The author says that the industry routinely gives antibiotics to entire feedlot herds whether or not cattle are ill. This is an “unnecessary practice” that also undermines the effectiveness of these drugs to treat human illness. “Behind the practice is an industry trying to offset heightened disease risks created by the crowded, stress-inducing, and often unsanitary conditions typical on many of its feedlots. With any routine antibiotic use, the bacteria best able to withstand the drug will inevitably survive and multiply, spreading antibiotic resistance. These bacteria may share the genes that make them drug-resistant with other dangerous bacteria, even those that may not have been directly exposed to antibiotics,” he warns.

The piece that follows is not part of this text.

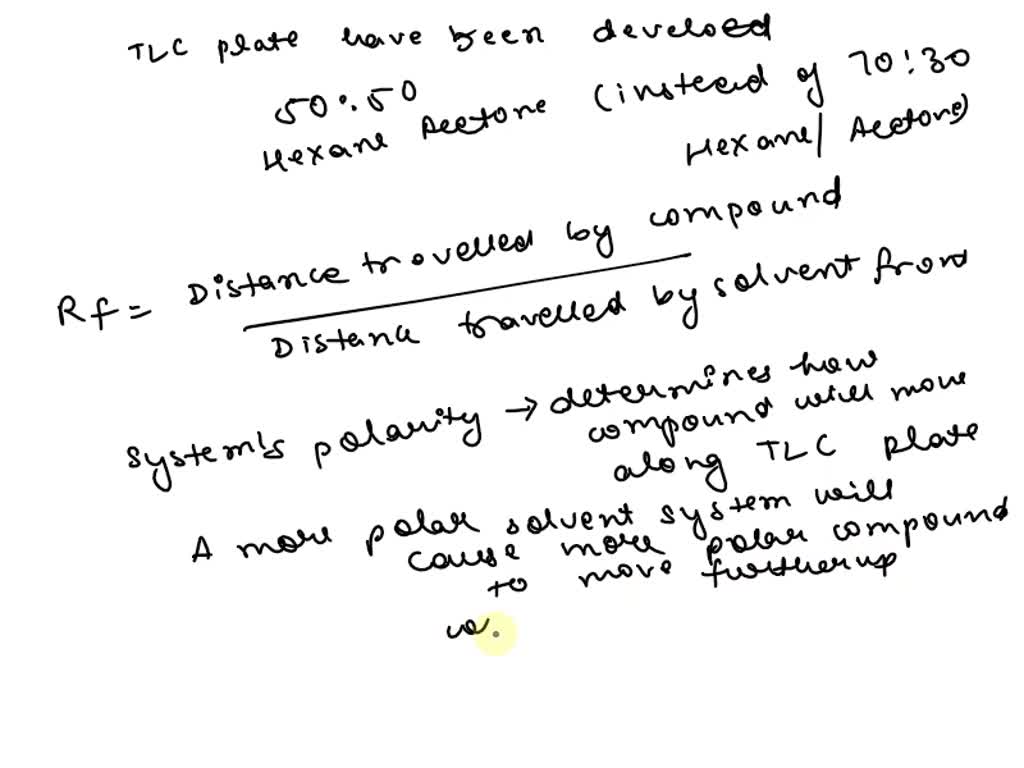 SOLVED: 3-If the TLC plate had been developed using 50:50 hexane ...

Climate change, bringing higher temperatures, drought, and dust to the Great Plains, is also playing a role. It adds to the other stressors experienced by feedlot cattle, further reducing their immunity and increasing the risk of illness or death, explains Dr Wallinga.
The way forward
The suite of non-antibiotic best practices to keep animals healthier are uncomplicated, says the study. The report recommends vaccinating cattle and utilizing other approved, nonantibiotic veterinary practices to prevent disease, and increasing the amount of roughage in feedlot diets to reduce the risk and incidence of liver abscesses. It calls for avoiding the purchase of calves from farms whose animals have a track record of experiencing more health problems in the feedlot setting.
According to the study, in recent years, strong consumer demand for meat and poultry raised without the routine use of antibiotics has helped bring about a rapid change in the US chicken industry. “Based on data from an industry-funded report, we estimate that the use of medically important antibiotics by the US chicken industry dropped around 73% from 2013 to 2017,” it says. Dr Wallinga emphasizes that by demanding beef produced without routine medically important antibiotics, consumers can help transform the enormous US beef industry as well.

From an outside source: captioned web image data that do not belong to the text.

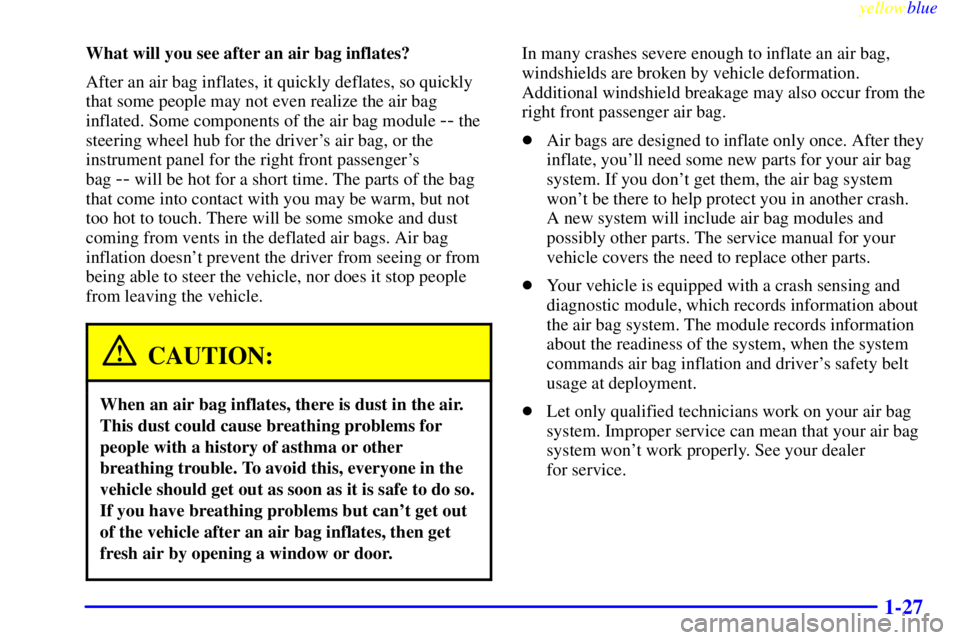 PONTIAC GRAND AM 1999 Owners Guide yellowblue
1-27
What will you see after an air bag inflates?
After an air bag inflates, it quickly deflates, so quickly
that some people may not even realize the air bag
inflated. Some components PONTIAC GRAND AM 1999 Owners Guide yellowblue
1-27
What will you see after an air bag inflates?
After an air bag inflates, it quickly deflates, so quickly
that some people may not even realize the air bag
inflated. Some components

The study argues that given the degree of consolidation in the US beef industry, action by only a few additional companies to reshape the use of antibiotics in feedlots could spur long-overdue changes across beef supply chains. “With combined annual revenue of more than $200 billion, Cargill, JBS, Tyson Foods, and National Beef have the power to catalyze those changes; collectively they buy and slaughter 17 of every 20 head of cattle processed into beef in the US. Large beef buyers have little choice but to purchase directly or indirectly from one or more of these meatpackers,” says the report.

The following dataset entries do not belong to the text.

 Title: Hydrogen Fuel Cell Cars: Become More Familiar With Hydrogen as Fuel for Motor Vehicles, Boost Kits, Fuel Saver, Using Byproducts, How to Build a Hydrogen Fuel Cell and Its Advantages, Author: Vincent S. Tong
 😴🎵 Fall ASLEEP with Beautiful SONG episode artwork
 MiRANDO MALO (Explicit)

The author says that the FDA, the United States Department of Agriculture (USDA) and other policymakers, “must stop caving in to industry pressure” and do more to combat the health threat from increasing antibiotic resistance. “Acknowledge the need to end all routine uses of medically important antibiotics — including for disease prevention — in food animal production generally, and specifically in beef production. As the lead US regulator, this falls to the FDA, which must also announce a timeline-bound plan to make it happen,” the study recommends.